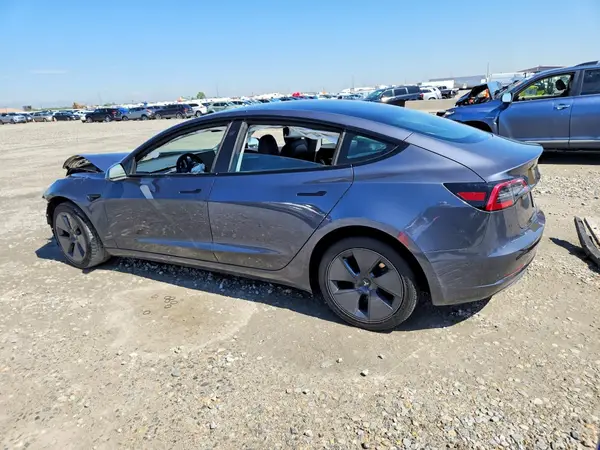 5YJ3E1EB9PF629010 2023 TESLA MODEL 3 - Image 2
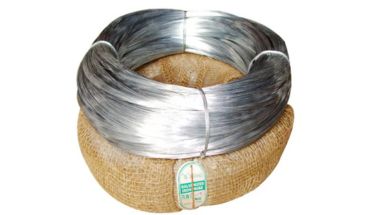 Galvanized steel binding wire for packaging.
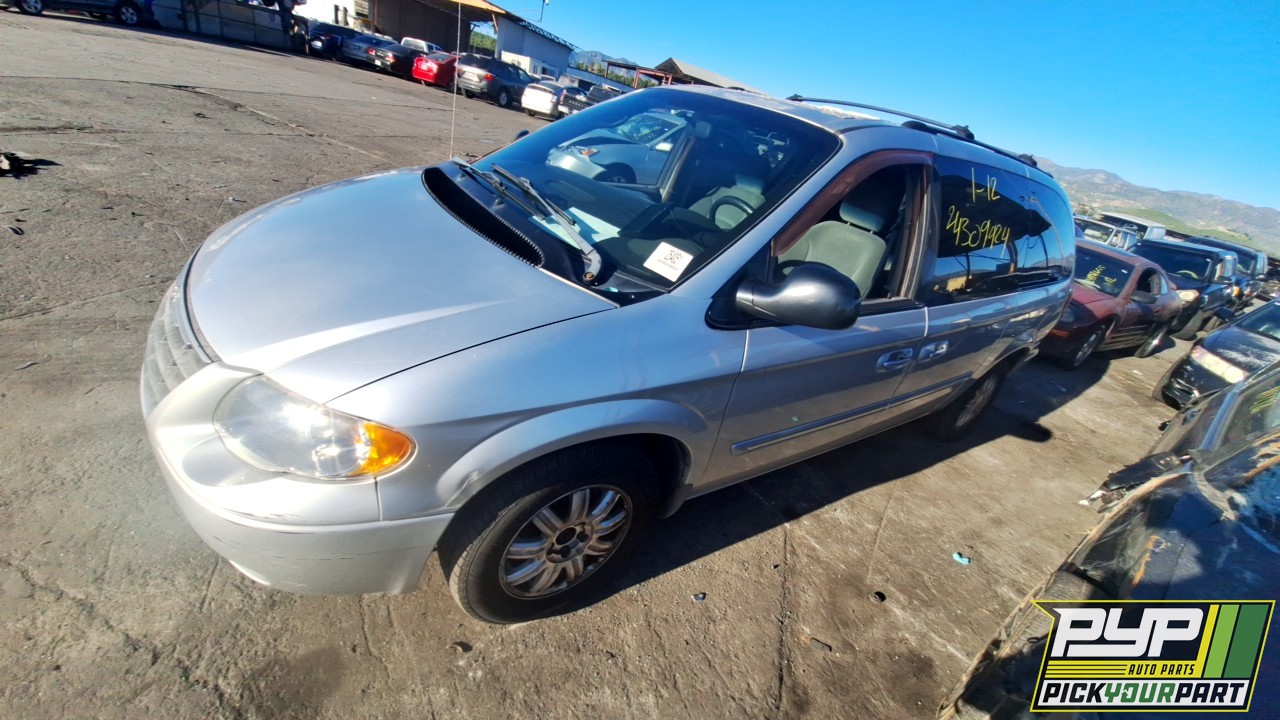 2005 CHRYSLER TOWN & COUNTRY partes disponibles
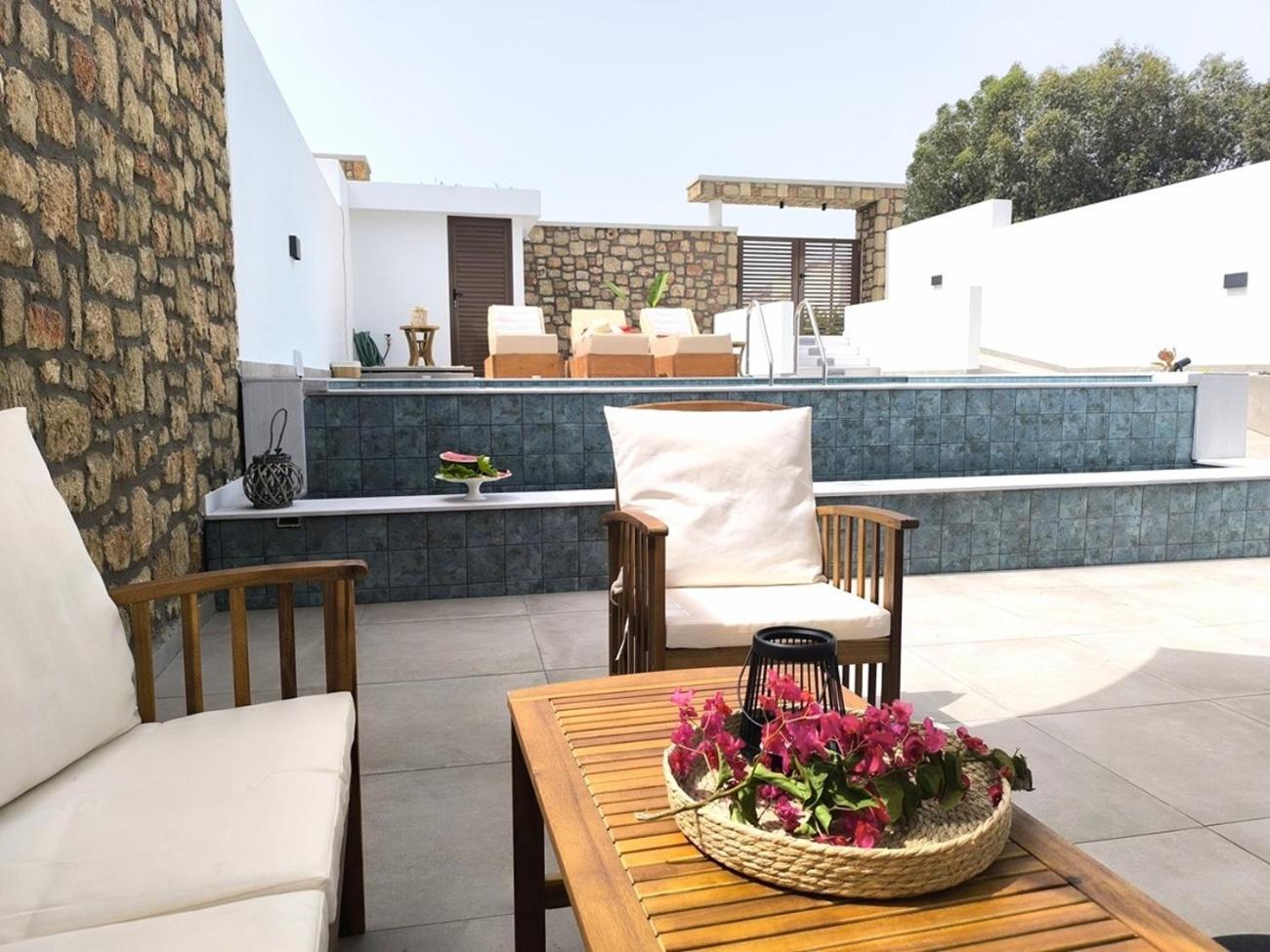 Valantina'S & Mannouel Lardos Luxury Villas Exterior photo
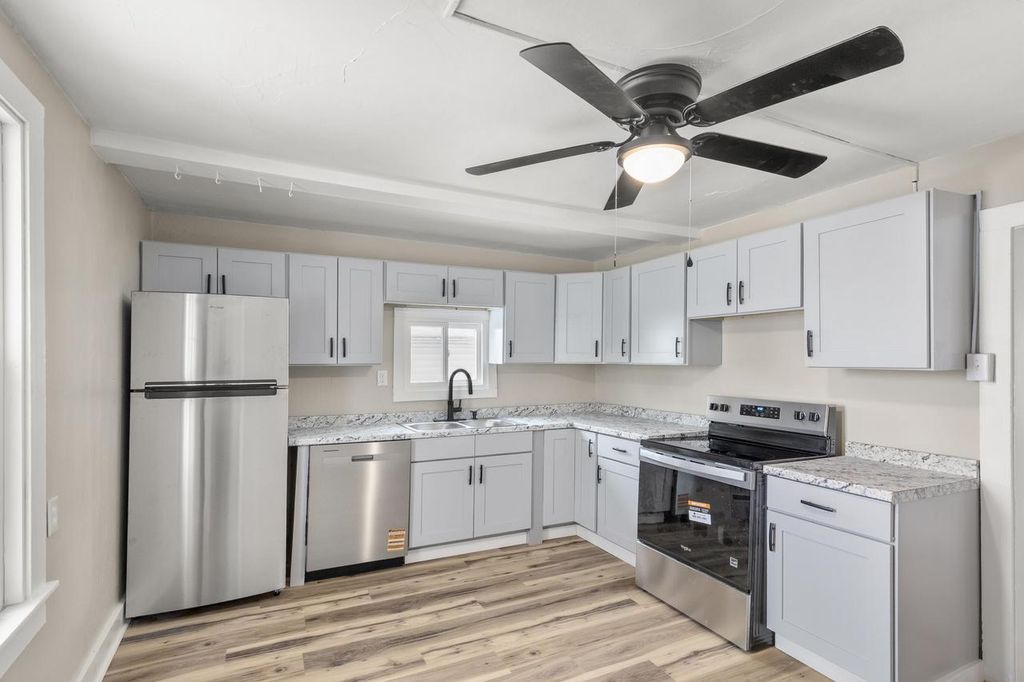 Photo of 268 6th STREET, Fond Du Lac, WI 54935 (MLS # 1944952)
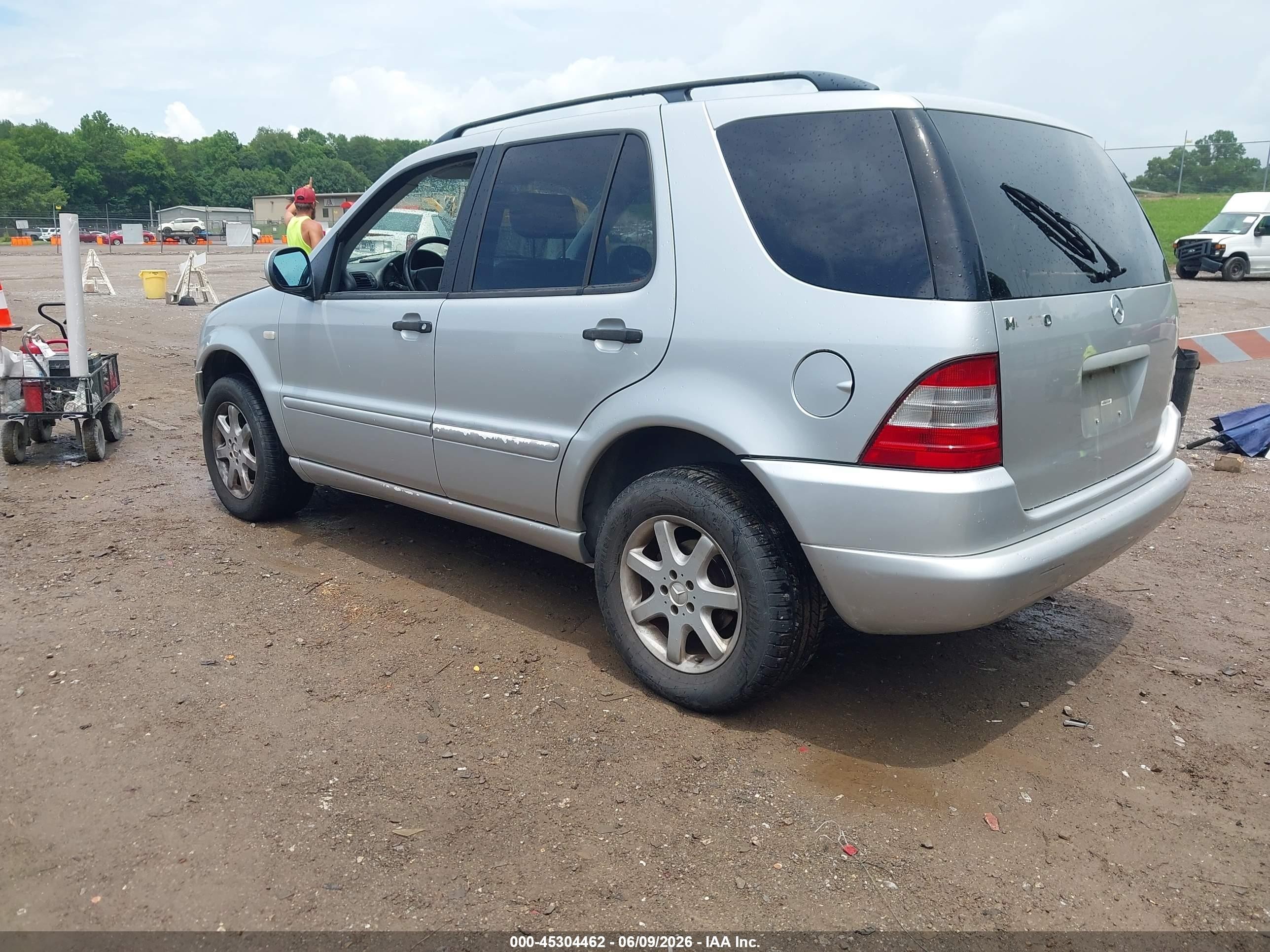 1999 Mercedes-benz Ml 430   Silver vin: 4JGAB72E1XA077136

----

#### [REQUIREMENT]
With the pictures left out, copy exactly the lines from the one containing "Valantina'S & Mannouel" through the final line of the records above, both included.

#### [ANSWER BOX]
 Valantina'S & Mannouel Lardos Luxury Villas Exterior photo
 Photo of 268 6th STREET, Fond Du Lac, WI 54935 (MLS # 1944952)
 1999 Mercedes-benz Ml 430   Silver vin: 4JGAB72E1XA077136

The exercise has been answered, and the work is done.